(Dataset items)
※
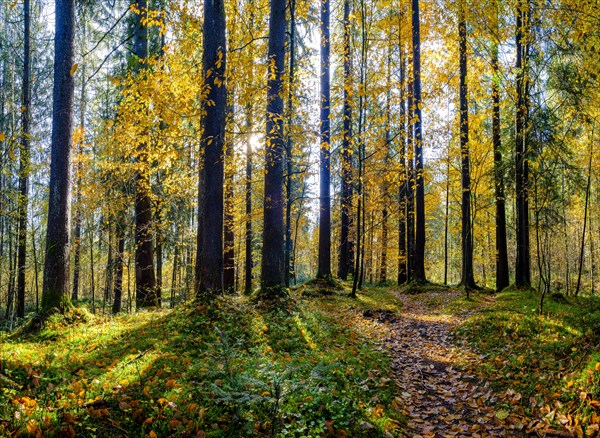 Mixed forest in autumn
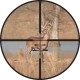 Прицел Leupold VX-3 3.5-10x40mm Boone & Crockett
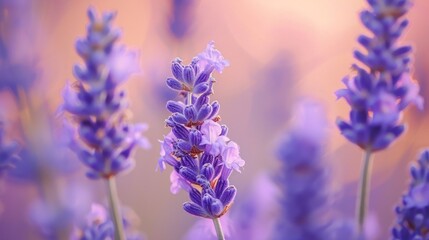 Naklejka premium a close up of a bunch of flowers with a blurry background of purple flowers in the foreground and a blurry background of pink flowers in the foreground.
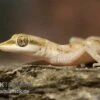 Zwergwüstengecko, Tropiocolotes Steudneri -Container Haustiere Geschäft Zwergwuestengecko Tropiocolotes steudneri 2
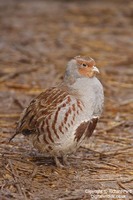 Perdix perdix - Grey Partridge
※
WHAT YOU ARE ASKED TO DO: Transcribe, without alteration, each line from the one with "Zwergwüstengecko, Tropiocolotes Steudneri" through the last line of the data; no pictures belong in the copy.

RESULT OF THE TASK:
 Zwergwüstengecko, Tropiocolotes Steudneri -Container Haustiere Geschäft Zwergwuestengecko Tropiocolotes steudneri 2
 Perdix perdix - Grey Partridge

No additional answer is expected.